Editor’s Note: Rosemary Sullivan is a Canadian author. She has published 16 books, most recently “Stalin’s Daughter: The Extraordinary ad Tumultuous Life of Svetlana Alliluyeva (2015)” and “The Betrayal of Anne Frank: A Cold Case Investigation (2022).” The views expressed in this commentary are her own. Read more opinion on CNN.
North Korean dictator Kim Jong Un was back in the spotlight last week after appearing at two lavish military events in Pyongyang. In one photograph, he is seen with his generals reviewing a midnight parade of ballistic missiles. Beside him stands his roughly 9-year-old daughter.
Ironically, the photo exactly mirrors one taken almost 100 years ago of Soviet dictator Josef Stalin standing on a similar balcony in Moscow reviewing a military parade with a young girl standing beside him.

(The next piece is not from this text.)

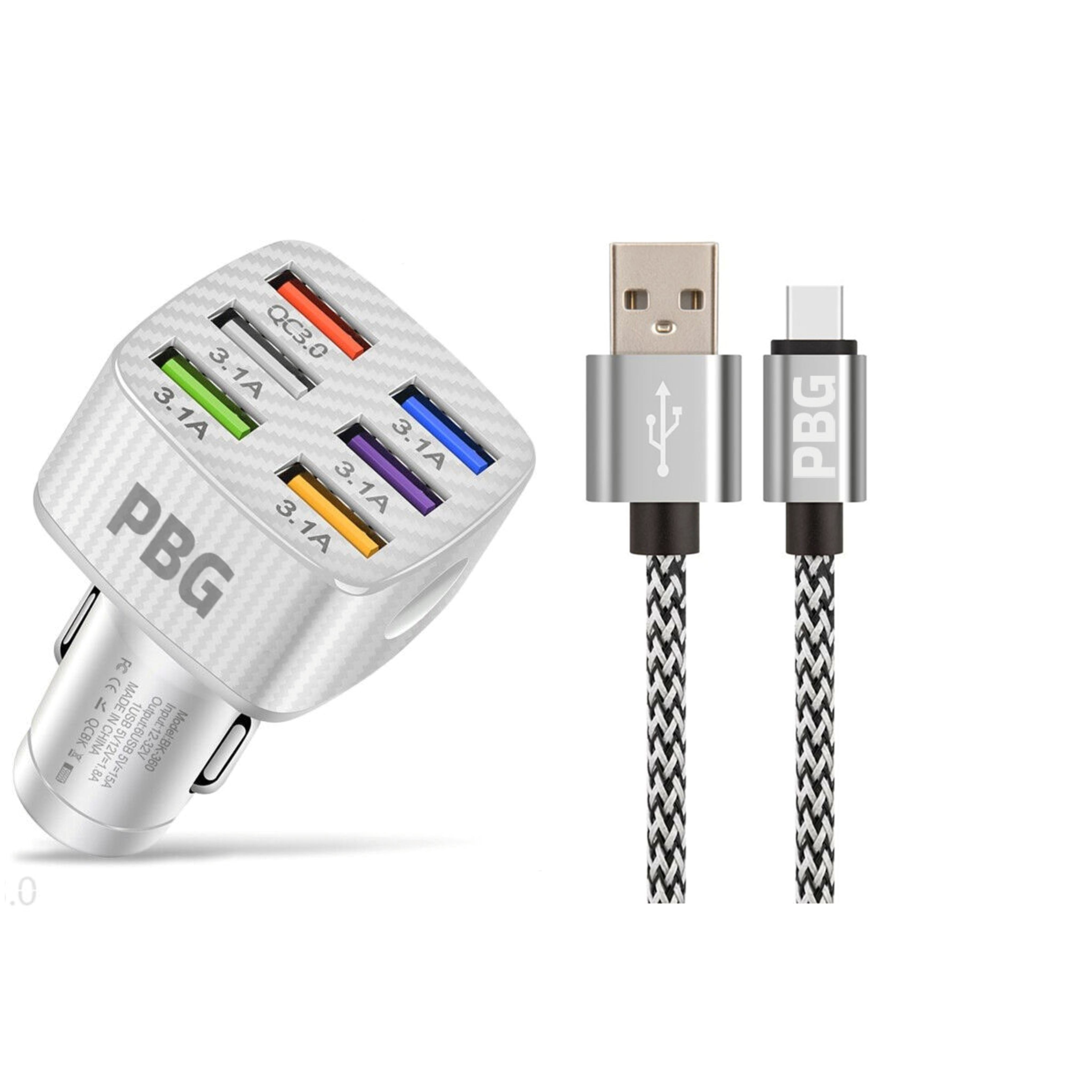 PBG LED 6-Port Car Charger and 10FT XL Zebra Lightning Cable Combo Low Pice Fee Shipping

Both children look enraptured to have the dictator’s attention. And I think: The predicament of the dictator’s daughter! What will Kim Ju Ae’s future be?
In my biography of Svetlana Alliluyeva, “Stalin’s Daughter,” I quoted Svetlana’s comment on her fate in her own memoir, “Only One Year.” She writes: “You are Stalin’s daughter. Actually, you are already dead. Your life is already finished. You can’t live your own life. You can’t live any life. You exist only in reference to a name.”
On a lengthy visit to Moscow in 2013, I was able to interview Stalin’s grandson Alexander Burdonsky, who told me that life in the Soviet army felt like a liberation after life at home. Like his aunt Svetlana, he took his mother’s name to escape his lineage.
Of Svetlana, he said: “I admired her as a woman and as a human being. I cannot say that of all my relatives. I loved her very much.”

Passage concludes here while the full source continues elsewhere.